Human Resource professionals are the butt of many jokes. And sometimes we are also the targets of professional criticism. Jokes can serve as a reminder to not take things too seriously. Professional criticism on the other hand is something entirely different. When someone suggests that HR pros are incapable, we must defend our competence. And benefit pros need to understand that despite the technical nature of the information they manage, their expertise is also subject to scrutiny, especially at this time of year.

Given the many unpopular changes that can occur during benefits open enrollment, including premium increases, the last thing HR and benefit professionals want to get wrong are their numbers. Unfortunately, many HR departments do get the numbers wrong. Sometimes it is a simple mathematical error in calculating the employee's share of the new premiums. Sometimes it is a generalization about Increases that should be more specific. Both situations provide validation to HR critics that HR and benefit professionals lack mathematical and analytical skills.

Take the recent case of Harvard University. Harvard’s VP of Human Resources claimed benefits costs over the previous ten years increased from 8% to 12% of the University’s budget. This increase was used as justification for restructuring the health insurance plans for non-union workers. For the first time ever these workers will pay a small deductible and coinsurance to receive care for most medical services. Before you go feeling sorry for these workers, the new deductible is very low, $250 for individuals. Also, health plan premiums may decrease and are tiered based on salary. Overall, workers at Harvard are not paying as much as other private sector workers for health insurance. But that is not the point of the story. The point of the story is, Harvard’s VP of Human Resources publicly misrepresented her numbers and she was caught in the act.

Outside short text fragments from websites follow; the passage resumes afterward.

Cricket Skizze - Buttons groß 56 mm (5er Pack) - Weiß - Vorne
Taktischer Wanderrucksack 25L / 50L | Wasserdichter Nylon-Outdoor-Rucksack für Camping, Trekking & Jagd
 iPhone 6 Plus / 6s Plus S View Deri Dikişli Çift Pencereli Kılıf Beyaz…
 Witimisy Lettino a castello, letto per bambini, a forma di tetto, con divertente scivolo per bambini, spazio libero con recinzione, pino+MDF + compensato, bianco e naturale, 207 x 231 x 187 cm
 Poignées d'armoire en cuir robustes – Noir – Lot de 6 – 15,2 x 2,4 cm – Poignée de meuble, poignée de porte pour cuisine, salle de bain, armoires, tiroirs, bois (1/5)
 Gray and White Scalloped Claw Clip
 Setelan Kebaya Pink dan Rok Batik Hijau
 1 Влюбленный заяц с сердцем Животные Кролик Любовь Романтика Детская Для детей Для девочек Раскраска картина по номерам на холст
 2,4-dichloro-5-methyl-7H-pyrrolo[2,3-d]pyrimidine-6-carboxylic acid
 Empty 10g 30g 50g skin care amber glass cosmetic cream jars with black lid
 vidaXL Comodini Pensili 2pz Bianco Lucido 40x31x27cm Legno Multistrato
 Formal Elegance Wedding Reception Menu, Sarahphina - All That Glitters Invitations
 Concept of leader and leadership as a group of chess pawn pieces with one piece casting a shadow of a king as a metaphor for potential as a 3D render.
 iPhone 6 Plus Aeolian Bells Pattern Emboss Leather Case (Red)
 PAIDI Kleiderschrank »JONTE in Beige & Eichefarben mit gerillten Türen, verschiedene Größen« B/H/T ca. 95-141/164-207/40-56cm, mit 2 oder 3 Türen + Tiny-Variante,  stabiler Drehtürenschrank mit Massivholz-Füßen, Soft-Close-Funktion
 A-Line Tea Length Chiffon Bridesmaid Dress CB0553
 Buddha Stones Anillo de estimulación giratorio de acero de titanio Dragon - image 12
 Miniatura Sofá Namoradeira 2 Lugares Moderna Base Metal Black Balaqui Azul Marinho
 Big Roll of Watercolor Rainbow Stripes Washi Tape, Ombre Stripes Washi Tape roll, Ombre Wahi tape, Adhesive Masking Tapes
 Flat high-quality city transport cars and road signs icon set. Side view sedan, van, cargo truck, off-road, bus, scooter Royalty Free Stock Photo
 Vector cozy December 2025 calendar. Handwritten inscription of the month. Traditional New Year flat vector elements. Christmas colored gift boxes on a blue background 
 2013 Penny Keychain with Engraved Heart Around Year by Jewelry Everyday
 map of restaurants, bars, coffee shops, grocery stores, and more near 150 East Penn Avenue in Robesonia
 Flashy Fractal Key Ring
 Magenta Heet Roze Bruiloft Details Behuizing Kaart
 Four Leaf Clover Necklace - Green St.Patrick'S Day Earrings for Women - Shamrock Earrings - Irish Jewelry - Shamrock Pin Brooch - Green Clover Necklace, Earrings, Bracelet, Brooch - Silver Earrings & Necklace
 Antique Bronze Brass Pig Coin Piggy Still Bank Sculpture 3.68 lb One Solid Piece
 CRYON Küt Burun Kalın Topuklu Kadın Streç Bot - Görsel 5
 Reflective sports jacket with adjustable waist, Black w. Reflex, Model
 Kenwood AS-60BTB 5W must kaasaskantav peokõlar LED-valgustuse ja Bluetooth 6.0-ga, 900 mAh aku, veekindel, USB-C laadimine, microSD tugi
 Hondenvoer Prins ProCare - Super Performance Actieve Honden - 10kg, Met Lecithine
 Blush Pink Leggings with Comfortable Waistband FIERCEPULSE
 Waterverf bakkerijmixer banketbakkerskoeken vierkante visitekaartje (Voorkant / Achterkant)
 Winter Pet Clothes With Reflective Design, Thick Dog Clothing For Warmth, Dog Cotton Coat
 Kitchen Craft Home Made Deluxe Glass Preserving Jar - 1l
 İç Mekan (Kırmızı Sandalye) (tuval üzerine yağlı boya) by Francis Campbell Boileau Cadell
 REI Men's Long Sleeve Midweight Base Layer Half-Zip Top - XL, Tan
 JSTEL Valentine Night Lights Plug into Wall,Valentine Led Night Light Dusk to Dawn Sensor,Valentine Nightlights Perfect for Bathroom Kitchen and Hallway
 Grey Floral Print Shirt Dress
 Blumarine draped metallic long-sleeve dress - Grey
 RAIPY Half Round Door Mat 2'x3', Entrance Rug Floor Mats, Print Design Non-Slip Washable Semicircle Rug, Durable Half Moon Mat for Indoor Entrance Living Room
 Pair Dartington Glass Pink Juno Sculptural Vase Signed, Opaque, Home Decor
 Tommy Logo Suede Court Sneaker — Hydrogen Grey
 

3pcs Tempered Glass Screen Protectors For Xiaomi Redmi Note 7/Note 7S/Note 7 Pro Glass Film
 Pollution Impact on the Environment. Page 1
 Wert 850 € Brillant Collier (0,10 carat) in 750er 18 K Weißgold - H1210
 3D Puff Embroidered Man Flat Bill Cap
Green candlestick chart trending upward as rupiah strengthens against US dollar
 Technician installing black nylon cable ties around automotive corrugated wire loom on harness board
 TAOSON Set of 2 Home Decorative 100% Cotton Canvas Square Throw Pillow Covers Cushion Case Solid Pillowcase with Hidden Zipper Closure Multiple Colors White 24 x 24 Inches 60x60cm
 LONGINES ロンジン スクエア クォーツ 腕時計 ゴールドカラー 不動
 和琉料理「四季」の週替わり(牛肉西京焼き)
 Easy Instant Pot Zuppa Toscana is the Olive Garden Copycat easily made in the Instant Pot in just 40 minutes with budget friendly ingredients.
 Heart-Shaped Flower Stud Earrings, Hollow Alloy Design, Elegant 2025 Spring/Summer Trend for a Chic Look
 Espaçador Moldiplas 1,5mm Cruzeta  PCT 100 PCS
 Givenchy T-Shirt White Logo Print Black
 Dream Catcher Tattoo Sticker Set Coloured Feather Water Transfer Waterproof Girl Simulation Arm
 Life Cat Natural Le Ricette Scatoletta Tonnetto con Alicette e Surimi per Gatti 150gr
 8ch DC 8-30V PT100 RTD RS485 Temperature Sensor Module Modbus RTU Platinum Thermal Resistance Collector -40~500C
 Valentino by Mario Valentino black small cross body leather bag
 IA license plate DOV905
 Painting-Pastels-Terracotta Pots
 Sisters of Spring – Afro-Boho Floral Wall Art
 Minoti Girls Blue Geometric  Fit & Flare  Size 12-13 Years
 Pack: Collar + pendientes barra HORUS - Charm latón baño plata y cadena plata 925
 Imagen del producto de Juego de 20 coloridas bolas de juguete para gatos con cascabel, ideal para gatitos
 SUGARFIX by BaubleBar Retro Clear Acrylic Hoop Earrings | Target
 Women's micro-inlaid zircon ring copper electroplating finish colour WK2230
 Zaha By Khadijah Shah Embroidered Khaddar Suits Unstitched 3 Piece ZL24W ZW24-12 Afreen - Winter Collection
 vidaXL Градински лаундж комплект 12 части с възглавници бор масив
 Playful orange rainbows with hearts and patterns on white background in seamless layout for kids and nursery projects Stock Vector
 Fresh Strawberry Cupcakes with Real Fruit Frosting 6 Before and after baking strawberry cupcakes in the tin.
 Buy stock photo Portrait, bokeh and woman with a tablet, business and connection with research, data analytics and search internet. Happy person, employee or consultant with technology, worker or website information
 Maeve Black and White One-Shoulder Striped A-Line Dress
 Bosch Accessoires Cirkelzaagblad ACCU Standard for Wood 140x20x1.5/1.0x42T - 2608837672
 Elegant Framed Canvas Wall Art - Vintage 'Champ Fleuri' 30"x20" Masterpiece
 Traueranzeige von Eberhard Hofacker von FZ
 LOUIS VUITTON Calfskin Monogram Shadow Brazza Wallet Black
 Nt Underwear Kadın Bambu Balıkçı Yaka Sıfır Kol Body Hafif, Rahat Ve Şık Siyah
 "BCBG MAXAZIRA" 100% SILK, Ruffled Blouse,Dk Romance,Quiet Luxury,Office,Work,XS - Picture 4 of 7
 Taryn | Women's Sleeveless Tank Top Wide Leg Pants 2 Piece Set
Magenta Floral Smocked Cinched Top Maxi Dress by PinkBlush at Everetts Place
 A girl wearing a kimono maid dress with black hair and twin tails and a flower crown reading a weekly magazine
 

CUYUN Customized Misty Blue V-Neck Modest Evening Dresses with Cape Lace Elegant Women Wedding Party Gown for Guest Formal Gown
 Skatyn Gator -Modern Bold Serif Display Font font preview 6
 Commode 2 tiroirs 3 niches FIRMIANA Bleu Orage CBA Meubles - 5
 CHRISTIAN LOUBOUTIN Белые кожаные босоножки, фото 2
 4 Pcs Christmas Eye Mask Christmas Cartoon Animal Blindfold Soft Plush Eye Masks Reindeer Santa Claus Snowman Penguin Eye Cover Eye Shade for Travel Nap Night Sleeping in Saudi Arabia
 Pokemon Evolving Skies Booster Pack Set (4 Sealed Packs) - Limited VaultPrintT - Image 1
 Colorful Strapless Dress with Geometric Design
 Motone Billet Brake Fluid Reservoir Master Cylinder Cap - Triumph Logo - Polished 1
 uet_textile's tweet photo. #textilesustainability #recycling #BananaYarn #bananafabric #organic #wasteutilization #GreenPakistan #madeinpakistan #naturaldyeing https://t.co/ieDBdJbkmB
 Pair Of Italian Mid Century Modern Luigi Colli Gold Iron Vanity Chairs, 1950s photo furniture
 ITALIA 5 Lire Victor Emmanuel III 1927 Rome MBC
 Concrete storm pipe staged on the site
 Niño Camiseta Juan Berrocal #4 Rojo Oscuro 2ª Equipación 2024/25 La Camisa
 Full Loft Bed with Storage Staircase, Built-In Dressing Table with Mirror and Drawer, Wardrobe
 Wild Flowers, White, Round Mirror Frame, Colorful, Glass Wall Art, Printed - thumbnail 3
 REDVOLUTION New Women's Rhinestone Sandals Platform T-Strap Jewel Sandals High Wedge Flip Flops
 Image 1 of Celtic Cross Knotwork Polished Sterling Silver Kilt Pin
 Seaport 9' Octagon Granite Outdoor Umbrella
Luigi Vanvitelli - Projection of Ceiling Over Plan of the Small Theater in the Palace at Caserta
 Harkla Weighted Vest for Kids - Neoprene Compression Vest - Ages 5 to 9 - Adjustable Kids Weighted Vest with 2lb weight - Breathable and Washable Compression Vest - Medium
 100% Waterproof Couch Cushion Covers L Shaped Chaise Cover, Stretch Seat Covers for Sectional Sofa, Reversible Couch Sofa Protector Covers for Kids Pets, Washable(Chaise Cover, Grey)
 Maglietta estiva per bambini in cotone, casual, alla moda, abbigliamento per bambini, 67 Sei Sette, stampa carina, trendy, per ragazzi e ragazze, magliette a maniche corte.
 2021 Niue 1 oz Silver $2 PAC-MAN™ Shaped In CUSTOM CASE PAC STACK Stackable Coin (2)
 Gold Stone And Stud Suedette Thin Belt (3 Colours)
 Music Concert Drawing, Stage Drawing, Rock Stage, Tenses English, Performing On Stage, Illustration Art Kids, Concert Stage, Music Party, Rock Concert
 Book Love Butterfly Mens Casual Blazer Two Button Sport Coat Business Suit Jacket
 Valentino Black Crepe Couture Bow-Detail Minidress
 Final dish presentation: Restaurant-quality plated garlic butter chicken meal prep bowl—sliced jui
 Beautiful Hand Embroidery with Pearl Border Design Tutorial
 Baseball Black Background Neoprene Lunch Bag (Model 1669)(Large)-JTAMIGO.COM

Turns out that the 50% increase she referenced occurred in the years 2002 to 2003. But from 2003 to 2013 health care expenses increased by less than 6%.

The VP apologized for not being more precise about when the increase occurred and vowed to be more precise in the future. Nice apology but why fudge the numbers in the first place? Why? Why? Why? And of course when Harvard gets it wrong, world-renown leaders in economics and finance, they make all HR and benefit pros look bad. It perpetuates the stereotype of HR people as mathematically challenged and scatterbrained.

Conclusion

It is easy to overlook this Harvard thing as a minor story. HR people are under pressure to keep health care expenses down by any means necessary. And does precision about year on year increases matter when the total employee benefits bill is a half-billion dollars? Yes, it matters.